Majority people in this world do not have excess cash to lend it to somebody else.

Their income and expenses are almost balanced.

It becomes very difficult for a common man to **lend money** to others.

Now suppose, you know that not enough money is available in this world for lending.

But ‘you’ have some **spare cash** that can be used for lending.

Knowing that the money for lending is a **scarce resource**, you would not like to lend your money for free.

Instead, you will ask for **interest**.

The period (time) for which you will lend your free money, will decide how much interest you will earn.

The longer will be the time period, larger should be the interest earned.

This process of earning interest on the lended money proves that **time is money**.

When we put our **savings** in bank, don’t we earn interest?
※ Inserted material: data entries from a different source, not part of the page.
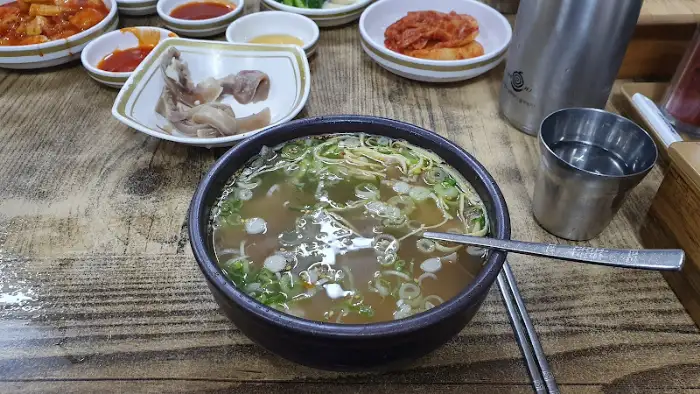 먹음직스러운 껍데기 구이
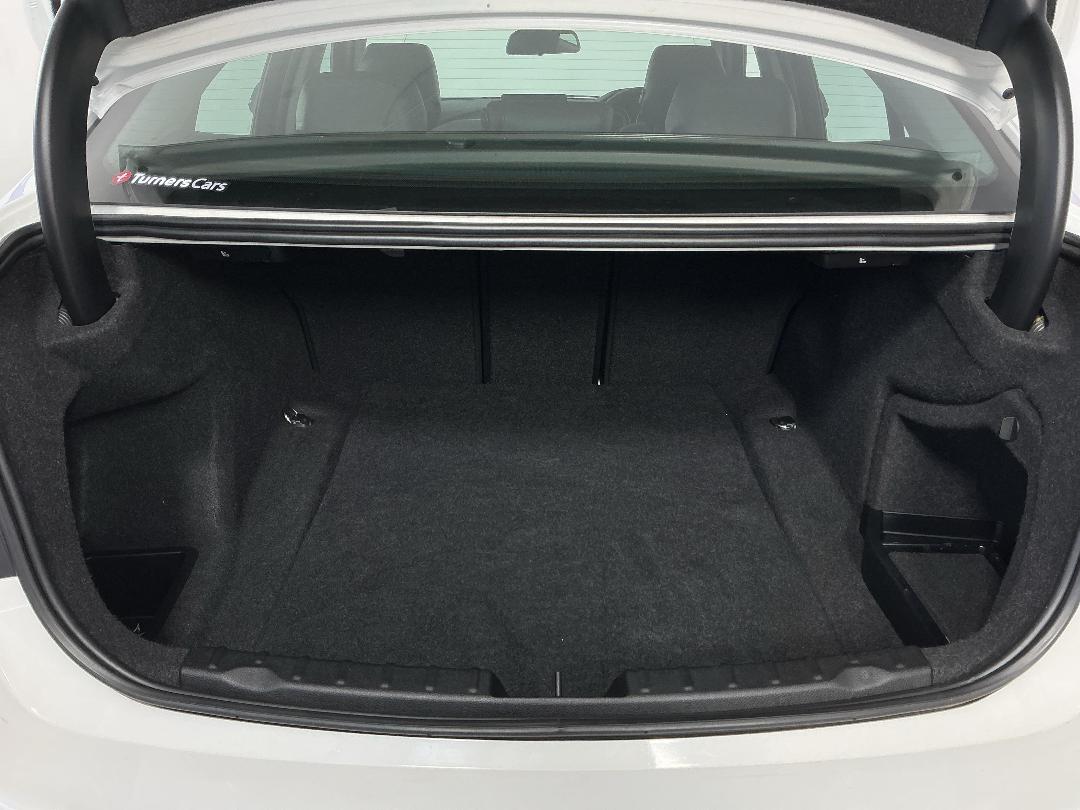 Photo '14' of BMW 320I Photo '14' of BMW 320I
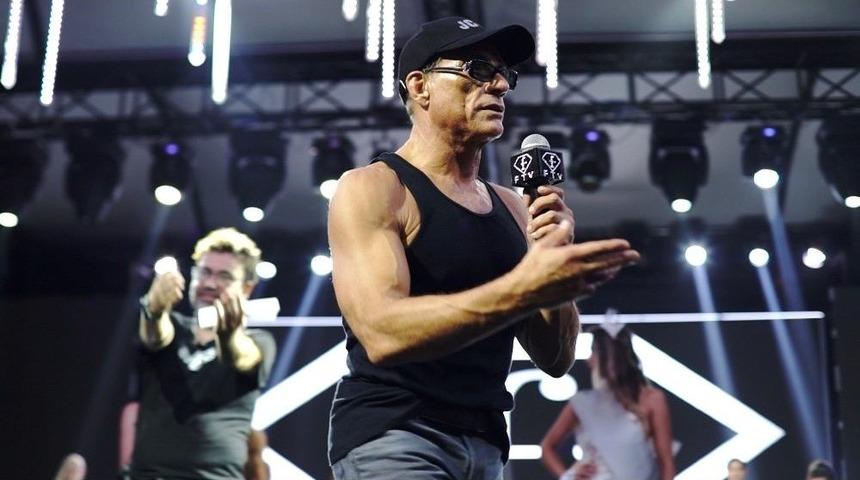 Miss Fashion Tv Awards&rsquo;da Van Damme R&uuml;zgarı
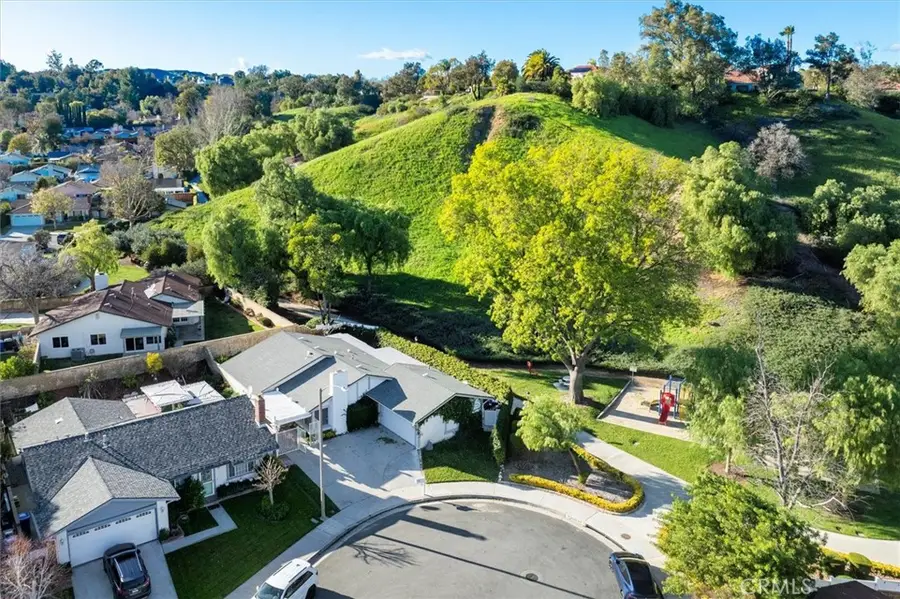 25897 Ramillo, Valencia, CA 91355 - Image #2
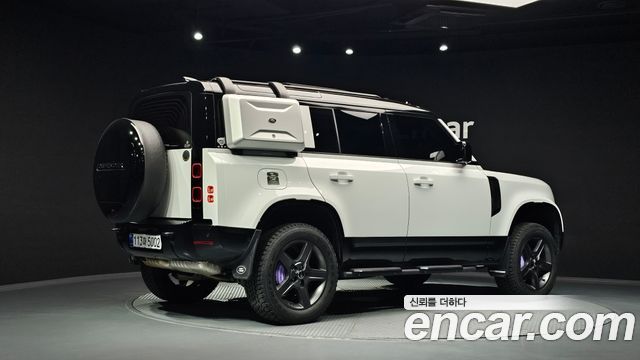Land Rover Defender (L663) 110 D250 X-Dynamic SE 2025 — фото 2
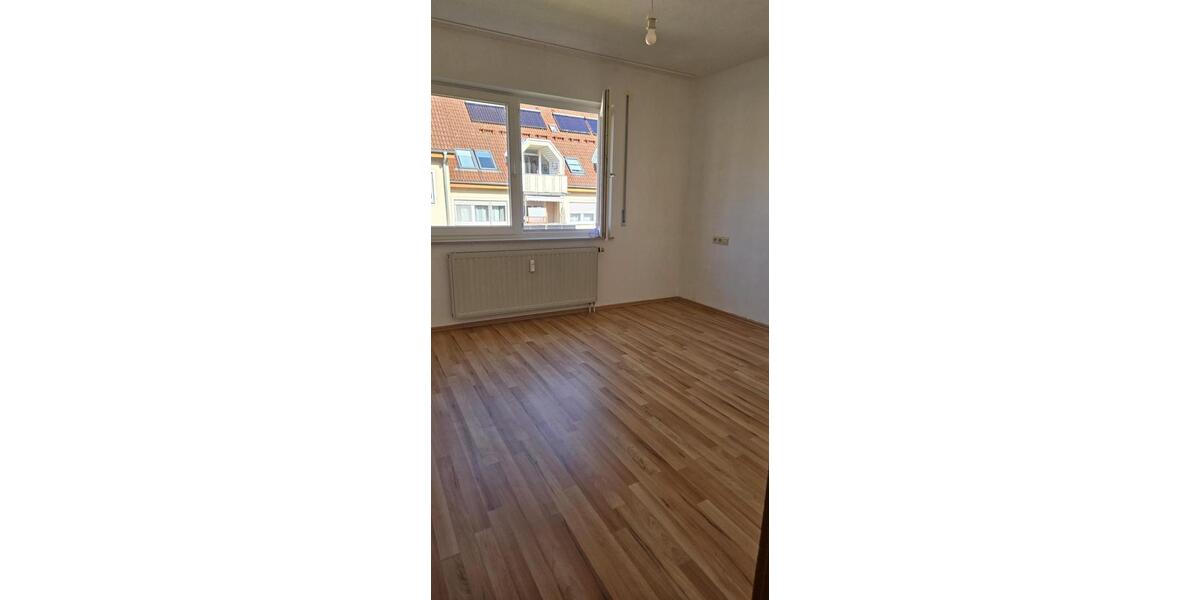 Etagenwohnung Königsbronn - 3 Zimmer, 74 m&sup2;, 880&euro; | Angebot:26295448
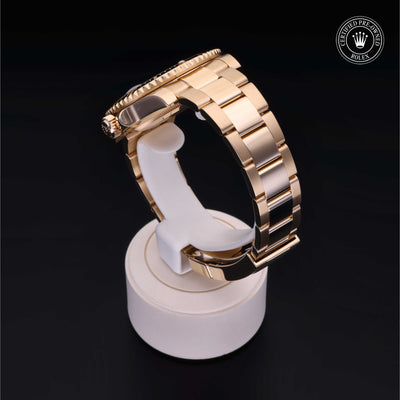 Rolex Certified Pre-owned Submariner M116618LN-0001 front on black background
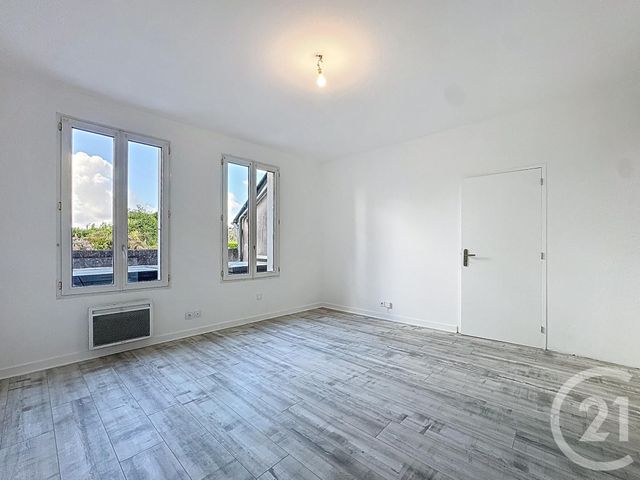 Appartement T2 à louer - 2 pièces - 42.03 m2 - LESNEVEN - 29 - BRETAGNE - Century 21 Associés Conseils Immobilier
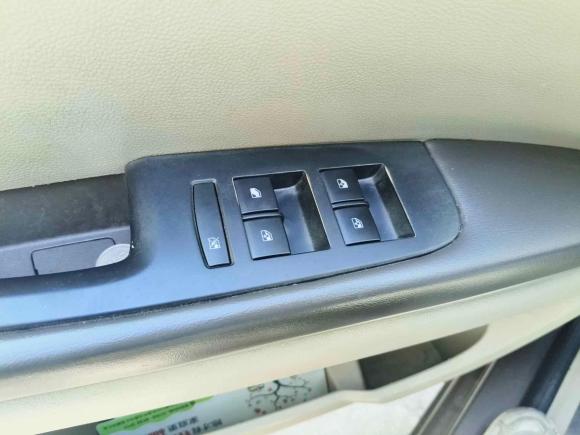 [深圳·粤B] 二手别克别克GL82013款 3.0L XT豪华商务旗舰版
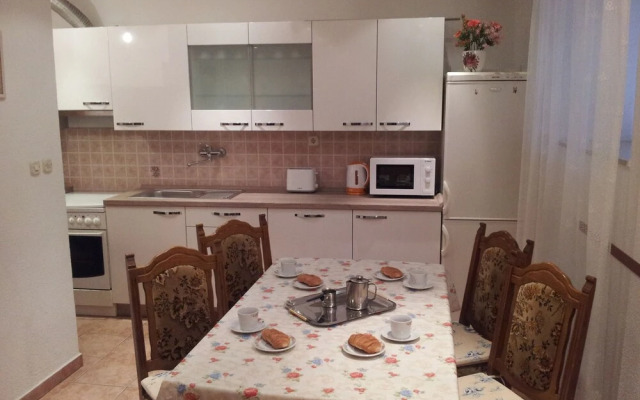 Apartment Tomislav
Yes.

By putting our savings in the form of bank **deposits**, don’t we earn higher interest? Yes.

When we invest our money in **stock market** for long term, don’t we expect very high returns compared to deposits? Yes.

These are all examples confirming that time is money.

If one decides to part away with his money for a certain period of time, he/she is liable to earn interest on it.

## Why banks pay interest?

Banks pay interest for two reasons.

- First, they know that money is a scarce resource.
- Secondly, they also know that money not lended to them could be invested elsewhere to earn returns.

What does it mean?

It means, banks assume that, if we do not use their fixed deposit to park our money, we may use this money to invest in stocks (example).

These stocks in turn can give us an average annual returns of say 12% per annum.

Banks also knows that stock investing is risky.

But keeping money in the bank (fixed deposit) is not risky.

Hence they offer an interest of 8% per annum on fixed deposits.

Though 8% per annum is less then stocks return of 12% per annum, but still people will take it as fixed deposit’s are less risky (very safe).

This a logical compromise between return and risk.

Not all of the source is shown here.